This is the chapter by Kelly Mitchell omitted from his book Gold Wars, and we publish it here alongside his letter to us.

‘Economy means efficiency - a lack of waste’ Peter Joseph

Imagine a world without telemarketers, without advertising, without someone trying to sell you something constantly, without a propaganda industry trying to convince everyone their empty lives will be filled by the latest gadget/fragrance/object, without logos, and without soulless consumption. Imagine a world without money. Money is useful as a medium of exchange, but a world where all human needs (and most reasonable desires) are readily fulfilled is only possible without money. We are the sole species that pays to live on this planet. This society would simply terminate private property as an arcane, useless and even wasteful fixation. The age of ownership would recede into memory – a necessary, but immature phase in our societal growth. Sounds insane, right? But if all human needs can be met, if most non-harmful and physically possible desires can be universally met, then property would be pointless - merely a pathetic, failed means to bolster the self-worth of adult children. Such a world moves through purpose, not paper. It is sustainable. It’s called a Resource Based Economy (RBE). The ethic of the resource based economy is to align with natural law. We cannot consume past the earth’s ability to provide. An RBE catalogs and utilizes planetary resources in the most efficient method we can create for the good of all humanity. Money is not necessary and everyone has access to all goods and services. Planetary resources cannot be claimed by individuals, but are publicly owned. Many proponents of the system now exist, most notably the Zeitgeist Movement.
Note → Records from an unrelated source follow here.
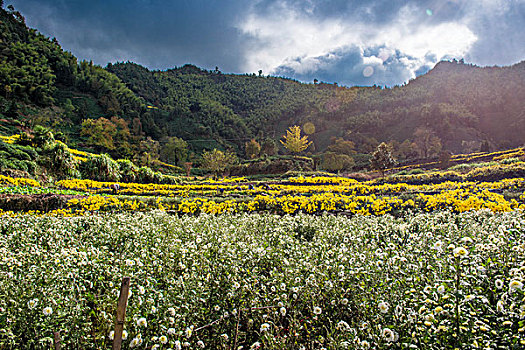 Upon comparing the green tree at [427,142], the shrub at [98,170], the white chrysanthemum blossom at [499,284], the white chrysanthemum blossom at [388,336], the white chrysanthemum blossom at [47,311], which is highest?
the green tree at [427,142]

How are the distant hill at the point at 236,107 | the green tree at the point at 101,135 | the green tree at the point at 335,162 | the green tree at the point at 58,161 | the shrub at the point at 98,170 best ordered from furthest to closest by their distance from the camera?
1. the distant hill at the point at 236,107
2. the green tree at the point at 335,162
3. the green tree at the point at 101,135
4. the shrub at the point at 98,170
5. the green tree at the point at 58,161

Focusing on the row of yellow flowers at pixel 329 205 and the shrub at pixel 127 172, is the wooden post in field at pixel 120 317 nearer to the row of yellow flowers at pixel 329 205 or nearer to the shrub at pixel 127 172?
the row of yellow flowers at pixel 329 205

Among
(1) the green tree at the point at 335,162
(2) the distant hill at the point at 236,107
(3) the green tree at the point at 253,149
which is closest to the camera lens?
(1) the green tree at the point at 335,162

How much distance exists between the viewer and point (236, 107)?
316ft

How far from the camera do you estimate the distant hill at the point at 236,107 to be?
4288cm

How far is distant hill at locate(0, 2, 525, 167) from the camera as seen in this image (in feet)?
Result: 141

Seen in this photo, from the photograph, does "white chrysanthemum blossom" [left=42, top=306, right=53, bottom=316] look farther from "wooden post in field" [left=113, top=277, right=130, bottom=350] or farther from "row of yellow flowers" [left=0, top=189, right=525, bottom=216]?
"row of yellow flowers" [left=0, top=189, right=525, bottom=216]

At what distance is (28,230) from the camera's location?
475 cm

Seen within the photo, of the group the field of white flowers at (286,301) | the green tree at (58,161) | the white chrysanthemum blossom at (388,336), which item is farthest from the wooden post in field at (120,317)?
the green tree at (58,161)

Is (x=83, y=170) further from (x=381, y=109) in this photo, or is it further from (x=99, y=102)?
(x=381, y=109)

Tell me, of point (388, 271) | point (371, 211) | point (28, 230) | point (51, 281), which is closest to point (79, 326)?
point (51, 281)

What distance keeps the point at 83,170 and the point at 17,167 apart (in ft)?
15.4

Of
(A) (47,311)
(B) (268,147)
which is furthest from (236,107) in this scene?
(A) (47,311)

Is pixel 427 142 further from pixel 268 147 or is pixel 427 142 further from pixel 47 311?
pixel 47 311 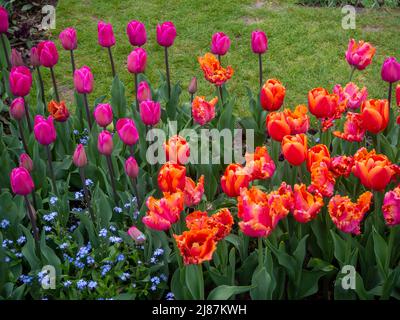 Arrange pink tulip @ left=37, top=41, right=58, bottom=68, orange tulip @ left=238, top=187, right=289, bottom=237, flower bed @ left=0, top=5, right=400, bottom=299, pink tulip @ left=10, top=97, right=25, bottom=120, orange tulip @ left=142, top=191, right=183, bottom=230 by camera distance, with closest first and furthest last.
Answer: orange tulip @ left=238, top=187, right=289, bottom=237 → orange tulip @ left=142, top=191, right=183, bottom=230 → flower bed @ left=0, top=5, right=400, bottom=299 → pink tulip @ left=10, top=97, right=25, bottom=120 → pink tulip @ left=37, top=41, right=58, bottom=68

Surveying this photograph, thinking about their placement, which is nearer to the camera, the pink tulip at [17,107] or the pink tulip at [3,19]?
the pink tulip at [17,107]

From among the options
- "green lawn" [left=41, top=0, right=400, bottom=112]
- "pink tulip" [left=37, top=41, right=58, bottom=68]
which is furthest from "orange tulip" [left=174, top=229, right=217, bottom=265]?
"green lawn" [left=41, top=0, right=400, bottom=112]

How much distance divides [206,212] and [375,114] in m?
0.81

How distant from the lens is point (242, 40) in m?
5.60

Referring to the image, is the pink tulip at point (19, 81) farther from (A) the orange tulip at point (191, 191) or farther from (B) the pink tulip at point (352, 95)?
(B) the pink tulip at point (352, 95)

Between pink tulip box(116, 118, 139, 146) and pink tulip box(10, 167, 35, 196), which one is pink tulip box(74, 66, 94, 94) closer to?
pink tulip box(116, 118, 139, 146)

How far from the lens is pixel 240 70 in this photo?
5.19 m

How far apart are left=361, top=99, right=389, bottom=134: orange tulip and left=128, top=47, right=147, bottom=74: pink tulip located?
1174 mm

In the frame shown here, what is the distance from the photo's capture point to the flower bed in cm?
224

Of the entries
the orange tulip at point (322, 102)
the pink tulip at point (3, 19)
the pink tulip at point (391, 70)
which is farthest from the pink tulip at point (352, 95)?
the pink tulip at point (3, 19)

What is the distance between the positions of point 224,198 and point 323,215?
0.59 m

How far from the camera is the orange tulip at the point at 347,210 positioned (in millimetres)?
2219

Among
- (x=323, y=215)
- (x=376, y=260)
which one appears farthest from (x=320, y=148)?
(x=376, y=260) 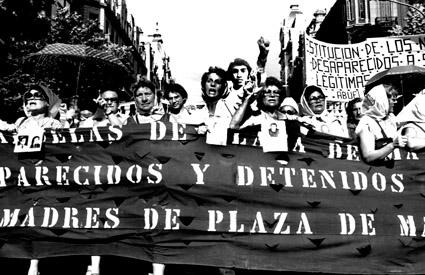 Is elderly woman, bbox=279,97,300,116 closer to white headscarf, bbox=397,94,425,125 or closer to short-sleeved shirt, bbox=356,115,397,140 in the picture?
white headscarf, bbox=397,94,425,125

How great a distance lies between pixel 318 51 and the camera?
10148 mm

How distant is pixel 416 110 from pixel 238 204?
2.27 metres

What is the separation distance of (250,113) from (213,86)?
632 millimetres

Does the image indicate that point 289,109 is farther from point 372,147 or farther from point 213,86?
point 372,147

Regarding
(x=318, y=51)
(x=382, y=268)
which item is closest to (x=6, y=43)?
(x=318, y=51)

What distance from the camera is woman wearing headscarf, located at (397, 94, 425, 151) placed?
4.73 metres

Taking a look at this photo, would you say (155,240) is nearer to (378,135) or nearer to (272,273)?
(272,273)

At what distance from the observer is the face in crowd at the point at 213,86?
219 inches

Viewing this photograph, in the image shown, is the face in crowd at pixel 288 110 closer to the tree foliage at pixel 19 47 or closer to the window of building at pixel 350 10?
the tree foliage at pixel 19 47

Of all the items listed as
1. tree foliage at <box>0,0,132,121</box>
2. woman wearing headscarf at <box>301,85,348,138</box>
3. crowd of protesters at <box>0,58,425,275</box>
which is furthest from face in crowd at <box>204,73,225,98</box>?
tree foliage at <box>0,0,132,121</box>

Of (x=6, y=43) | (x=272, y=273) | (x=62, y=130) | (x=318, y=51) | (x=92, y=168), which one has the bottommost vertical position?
(x=272, y=273)

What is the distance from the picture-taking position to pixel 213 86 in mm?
5586

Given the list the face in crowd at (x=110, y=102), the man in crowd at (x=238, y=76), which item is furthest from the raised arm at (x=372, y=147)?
the face in crowd at (x=110, y=102)

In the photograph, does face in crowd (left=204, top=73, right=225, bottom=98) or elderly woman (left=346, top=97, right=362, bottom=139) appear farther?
elderly woman (left=346, top=97, right=362, bottom=139) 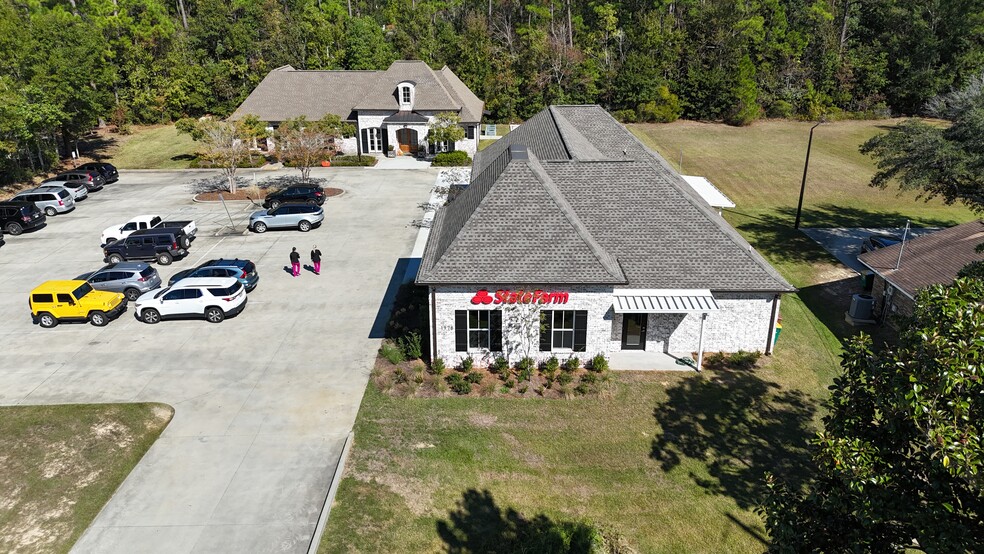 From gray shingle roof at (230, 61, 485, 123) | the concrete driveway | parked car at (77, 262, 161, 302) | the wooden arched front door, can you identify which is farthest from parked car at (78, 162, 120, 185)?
parked car at (77, 262, 161, 302)

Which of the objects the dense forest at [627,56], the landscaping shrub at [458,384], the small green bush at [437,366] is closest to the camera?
the landscaping shrub at [458,384]

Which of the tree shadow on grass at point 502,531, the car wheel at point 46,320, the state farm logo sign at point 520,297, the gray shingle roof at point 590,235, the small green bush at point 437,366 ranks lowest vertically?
the tree shadow on grass at point 502,531

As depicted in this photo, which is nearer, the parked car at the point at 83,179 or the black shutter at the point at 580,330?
the black shutter at the point at 580,330

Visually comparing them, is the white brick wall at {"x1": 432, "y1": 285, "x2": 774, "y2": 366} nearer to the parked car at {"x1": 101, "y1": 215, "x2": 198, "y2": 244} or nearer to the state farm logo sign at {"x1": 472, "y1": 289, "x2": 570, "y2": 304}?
the state farm logo sign at {"x1": 472, "y1": 289, "x2": 570, "y2": 304}

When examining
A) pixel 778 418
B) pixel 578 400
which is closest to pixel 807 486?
pixel 778 418

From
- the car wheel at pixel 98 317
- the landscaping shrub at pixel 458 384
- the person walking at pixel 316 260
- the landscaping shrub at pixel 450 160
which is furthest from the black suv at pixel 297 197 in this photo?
the landscaping shrub at pixel 458 384

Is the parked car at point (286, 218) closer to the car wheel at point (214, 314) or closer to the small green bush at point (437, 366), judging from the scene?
the car wheel at point (214, 314)

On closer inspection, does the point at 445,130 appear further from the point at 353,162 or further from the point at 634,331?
the point at 634,331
Conceptual cities have been detailed with full energy independence, complete food self-sufficiency, and awesomely convenient public transportation. Designed cities can have immensely higher efficiencies than the ad hoc ones currently in use. They can maximize human satisfaction through good planning, clean air, water, and organic food. This would not restrict anyone living in the country and fully utilizing technology, either. All choices are voluntary - there is no coercion. If someone is using property, it is not available for others, of course. But no one could own immense tracts of land, letting them lie fallow with no public access.

Certain mandatory measures toward a more sustainable direction must be met – the economy must change from a growth to a steady state economy. 1) The monetary system must be eliminated - it creates scarcity. 2) We must move from a competitive to a collaborative model. This will eliminate redundant products, just for monetary competition. It will also eliminate inferior products because all players have full knowledge access and there is no financial incentive to build junk. In a collaborative world, every innovation can draw on all knowledge - nothing is proprietary or withheld. 3) Total open source knowledge. Centralization of knowledge requires distribution of production, but in a coordinated manner. Locally produced goods would be available for all needs. Earth could be catalogued and inventoried as per resources and energy supplies. Action could be taken well ahead of time to avert crisis. A simple form of this is feasible right now, but knowledge is proprietary and resources are owned by elites. Open-source knowledge would eliminate duplication of efforts and mass resource wasting. It would allow for the best understanding and processes to emerge without the current artificial constraints. Global collaboration would overcome the barriers of competition and proprietary knowledge. Humanity would experience an explosion of progress in knowledge, ideas, ideologies, and technology. Eliminating the monetary system would remove the need to suppress competitive technologies like alternative energy (which threatens big oil). Without the need to create energy scarcity for oil profits, those technologies would no longer be restricted.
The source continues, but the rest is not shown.